Hybrid (kinetic-fluid) simulation scheme based on method of characteristics

TL;DR

This paper introduces a hybrid kinetic-fluid simulation scheme based on the method of characteristics, enabling recurrence-free Vlasov simulations with simplified interpolation, and applies it to study ion-acoustic solitons in collisionless plasma.

Contribution

A new hybrid Vlasov-fluid simulation method using characteristics and Leapfrog-Trapezoidal scheme for self-consistent plasma modeling.

Findings

Recurrence-free Vlasov simulation demonstrated

Successful modeling of ion-acoustic solitons

Conservation laws verified in simulations

Abstract

Certain features of the method of characteristics are of considerable interest in relation with Vlasov simulation [H. Abbasi {\it et al}, Phys. Rev. E \textbf{84}, 036702 (2011)]. A Vlasov simulation scheme of this kind can be recurrence free providing initial phase points in velocity space are set randomly. Naturally, less filtering of fine-structures (arising from grid spacing) is possible as there is now a smaller scale than the grid spacing that is average distance between two phase points. Its interpolation scheme is very simple in form and carried out with less operations. In our previous report, the simplest model (immobile ions) was considered to merely demonstrate the important features. Now, a hybrid model is introduced that solves the coupled Vlasov-Fluid-Poisson system self-consistently. A possible application of the code is the study of ion-acoustic (IA) soliton attributes. To this end, a collisionless plasma with hot electrons and cold positive ions is considered. For electrons, the collisionless Vlasov equation is solved by following collisionless phase point trajectories in phase space while ions obey the fluid equations. The periodic boundary conditions are assumed.
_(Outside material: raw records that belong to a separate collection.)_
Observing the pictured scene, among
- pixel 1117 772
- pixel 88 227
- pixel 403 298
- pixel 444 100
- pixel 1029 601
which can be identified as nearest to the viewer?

Both, the characteristic equations of the Vlasov equation and the fluid equations are solved using the Leapfrog-Trapezoidal method. However, to obtain the first half-time step of the Leapfrog, the Euler-Trapezoidal scheme, is employed. The presented scheme conveniently couples the two well-known grids in the Leapfrog method. The first test of the model is an stationary IA soliton. Trapping of electrons is considered and the associated phase space hole is shown. Then as a non-stationary test, the IA soliton generation from a localized initial profile is examined. Conservation laws are the other benchmark tests.